■ **SUPPLIED INFORMATION**
· · · · ·

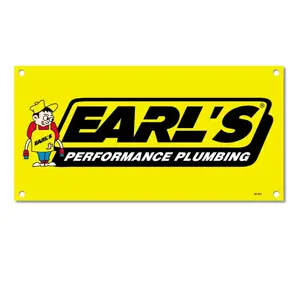 Display Banner | Earls Performance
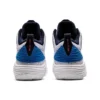 Nova Flow ”White Directoire Blue”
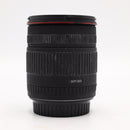 Sigma 18-200mm f/3.5-6.3 DC Lens for Canon EF-S *USED*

· · · · ·

■ **REQUIREMENT**
Please output the entire listing above verbatim and omit its images.

■ **YOUR RESPONSE**
 Display Banner | Earls Performance
 Nova Flow ”White Directoire Blue”
 Sigma 18-200mm f/3.5-6.3 DC Lens for Canon EF-S *USED*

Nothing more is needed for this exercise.